Recordaron que frenó un juicio de nulidad en contra de la construcción de la Supervía, vialidad de ocho kilómetros entre el sur y el poniente de la Ciudad de México que contó con la participación de la empresa de su esposo. La obra se terminó y la vía comenzó a operar sin que se hubiera dictado sentencia en el juicio iniciado a raíz de una demanda interpuesta por vecinos afectados por la obra. 

También recordaron que falló a favor del colegio Westhill, en cuyo Consejo de Administración participa el matrimonio. La escuela quedó en el centro de un escándalo en 2015 cuando encarceló a una pareja de venezolanos que había emprendido una demanda por daño moral.

En declaraciones púbicas, la magistrada Esquivel ha dicho que la llegada de Zaldívar a la presidencia de la Corte acabó con el enfrentamiento que había con el Ejecutivo. Además, ha negado que tenga conflicto de interés porque su esposo, a quien dice conocer hace siete años, no participa en el proceso de selección de los ministros.

Quien asimismo niega que haya conflicto de interés en el caso de su postulación para ministra es la académica Loretta Ortiz.
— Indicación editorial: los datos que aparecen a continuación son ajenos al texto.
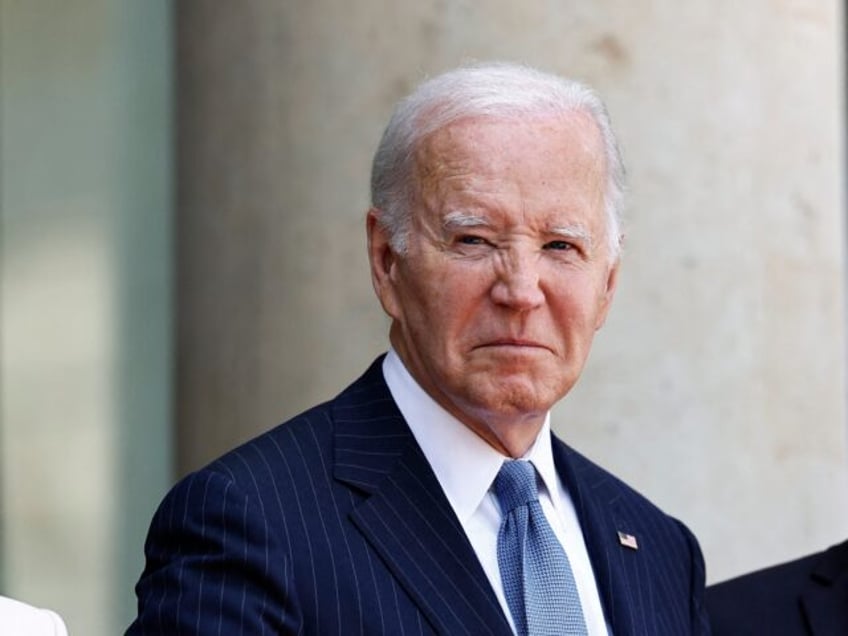 US President Joe Biden (C) flanked by US first lady Jill Biden (L), waves as he is welcome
Argumenta también que su trayectoria profesional es anterior a su relación con su actual esposo, José Agustín Ortiz Pinchetti, uno de los principales colaboradores de López Obrador. En el gobierno de la capital, él fue secretario de Gobierno, participa en la elaboración de la Constitución Moral del gobierno federal y, a propuesta de Alejandro Gertz Manero, fiscal general de la República, el Senado lo nombró el viernes 8 titular de la FEPADE.

Especializada en derecho internacional y derechos humanos, Loretta Ortiz estuvo encargada de los foros de pacificación durante el periodo de transición. En lo que pasó como la primera pifia del equipo lopezobradorista, cuando apenas tenía dos semanas de haber ganado las elecciones, la académica anunció que el Papa Francisco había aceptado participar en los foros a su cargo. La información fue desmentida de inmediato por el Vaticano.

Al igual que Ortiz, Celia Maya García fue incluida por López Obrador en la segunda terna. Magistrada en Materia Civil del Tribunal Superior de Justicia de Querétaro, también tiene una gran cercanía con Morena. A diferencia de las otras dos candidatas, carece de vínculos estrechos con López Obrador, aunque sí ha recibido ofertas del presidente para ser parte de su gobierno.

El año pasado buscó llegar al Senado por Morena, después de haber sido candidata por el PRD para el gobierno de Querétaro en 2003, pero ese partido le pidió el lugar para el actual senador, Juan José Jiménez Yáñez.